What you need to do: Exact reproductions of all the entries, please, and no pictures.

────────────────────

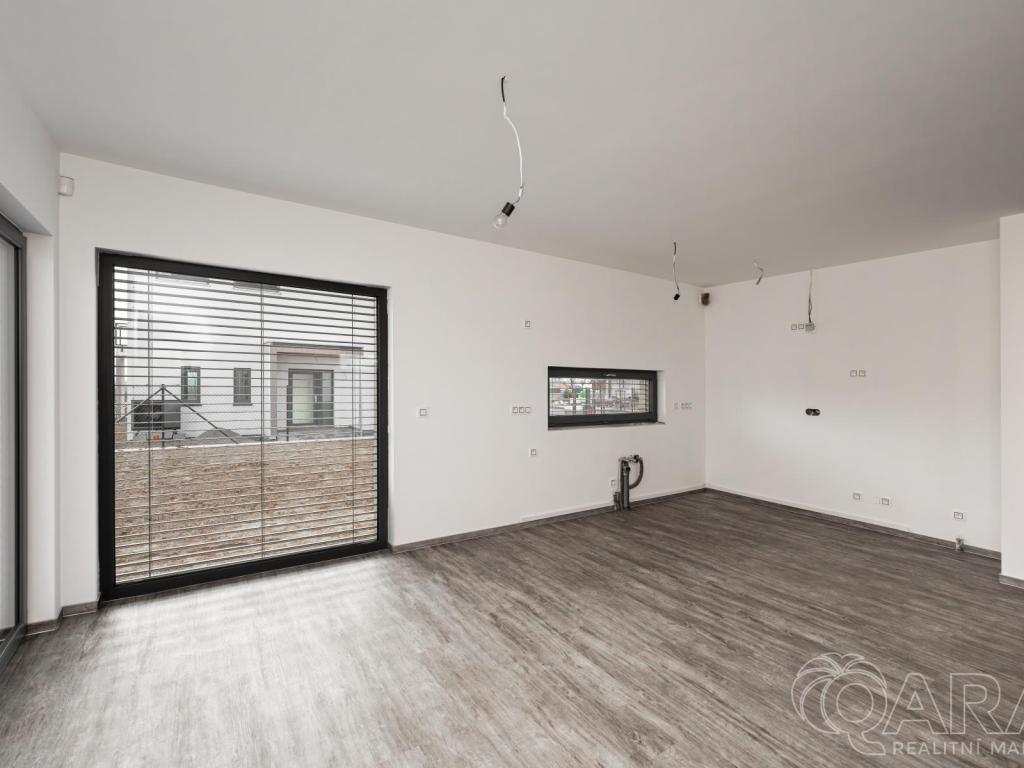 Prodej domu 183 m2, Vysoký Újezd – náhled fotky 11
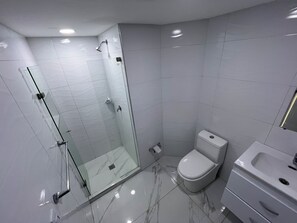 Serviettes fournies, savon, papier toilette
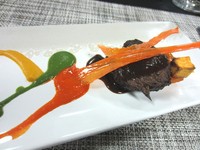 Rawon tampil berbeda karena dibuat mirip steak. Petty Elliott memasak beef cheeks selama 12 jam hingga daging begitu empuk. Puree labu yang manis lembut lalu ditaruh sebagai pelengkap.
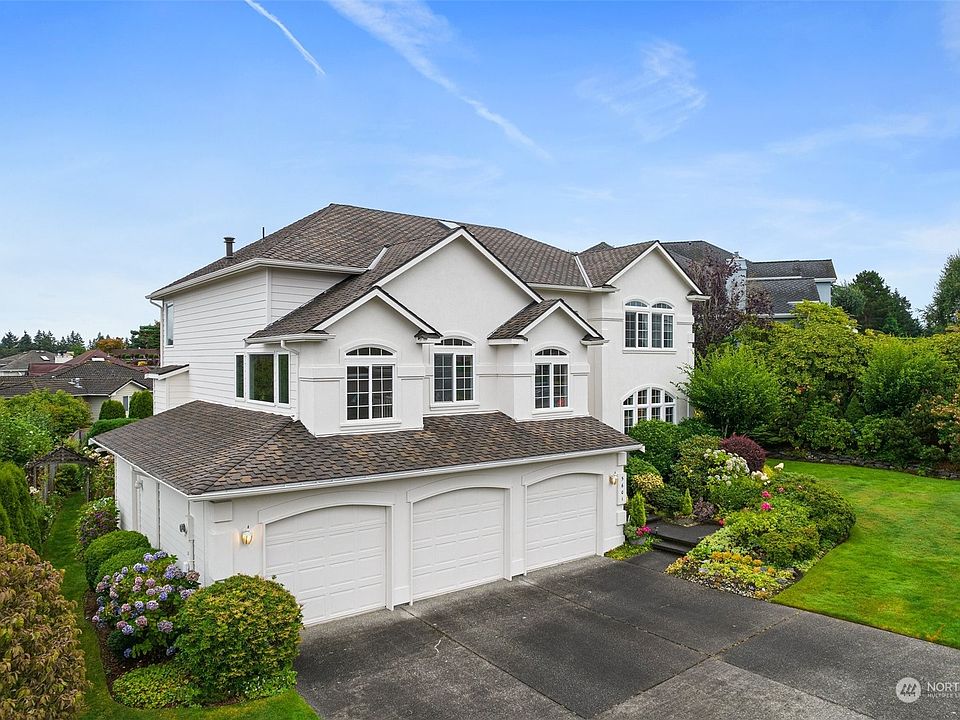 1st image of 5601 Orca Drive NE
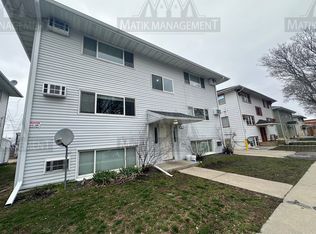 1221 4 1/2 St NW #6, Rochester, MN 55901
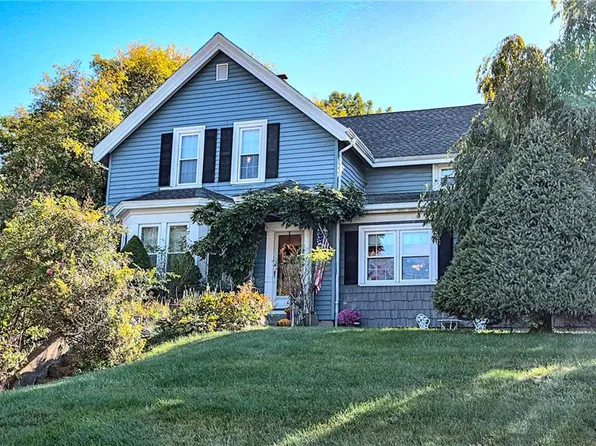 1502 Mendon Rd, Woonsocket, RI 02895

────────────────────

Problem solution:
 Prodej domu 183 m2, Vysoký Újezd – náhled fotky 11
 Serviettes fournies, savon, papier toilette
 Rawon tampil berbeda karena dibuat mirip steak. Petty Elliott memasak beef cheeks selama 12 jam hingga daging begitu empuk. Puree labu yang manis lembut lalu ditaruh sebagai pelengkap.
 1st image of 5601 Orca Drive NE
 1221 4 1/2 St NW #6, Rochester, MN 55901
 1502 Mendon Rd, Woonsocket, RI 02895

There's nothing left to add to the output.